— WORK ITEM —
This exercise calls for the whole listing to be given again exactly, without images.

— THE DATA —
______

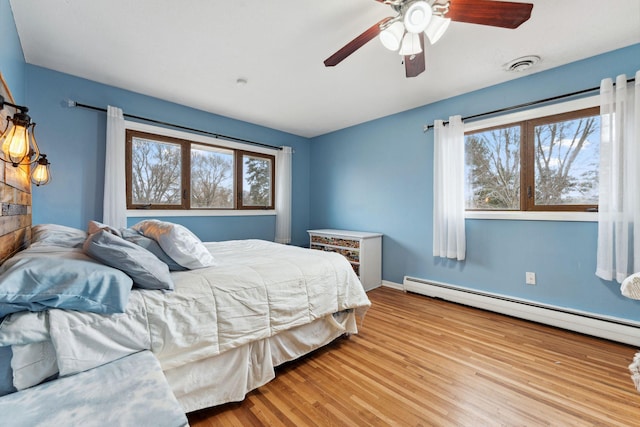 bedroom featuring a baseboard radiator, wood finished floors, visible vents, baseboards, and a ceiling fan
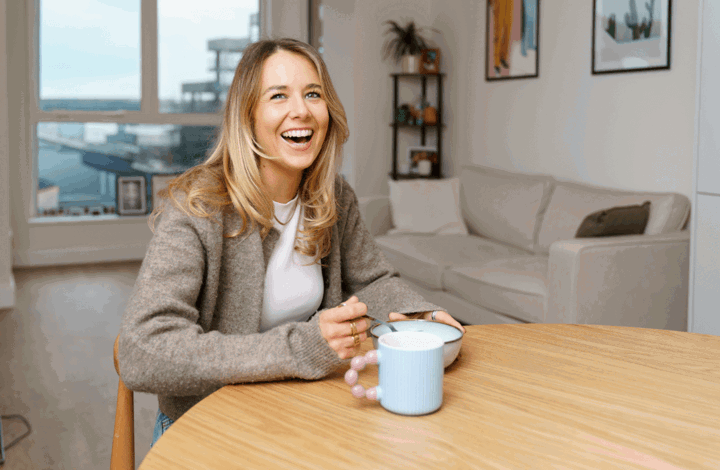 A woman sitting in the living room of her Shared Ownership home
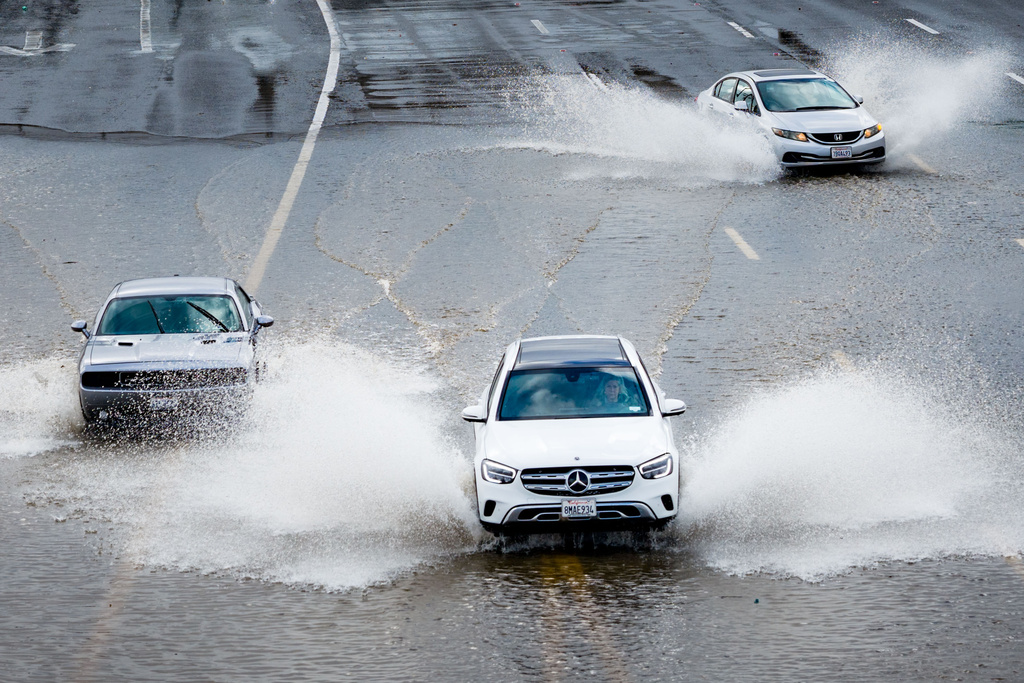 Cars drive on highway 101 flooded by the "King Tides", occurring when the sun, moon and Earth align, causing a stronger gravitational pull Saturday, Jan. 3, 2026, near Corte Madera in Marin County, Calif. (AP Photo/Ethan Swope)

______

— EXERCISE SOLUTION —
 bedroom featuring a baseboard radiator, wood finished floors, visible vents, baseboards, and a ceiling fan
 A woman sitting in the living room of her Shared Ownership home
 Cars drive on highway 101 flooded by the "King Tides", occurring when the sun, moon and Earth align, causing a stronger gravitational pull Saturday, Jan. 3, 2026, near Corte Madera in Marin County, Calif. (AP Photo/Ethan Swope)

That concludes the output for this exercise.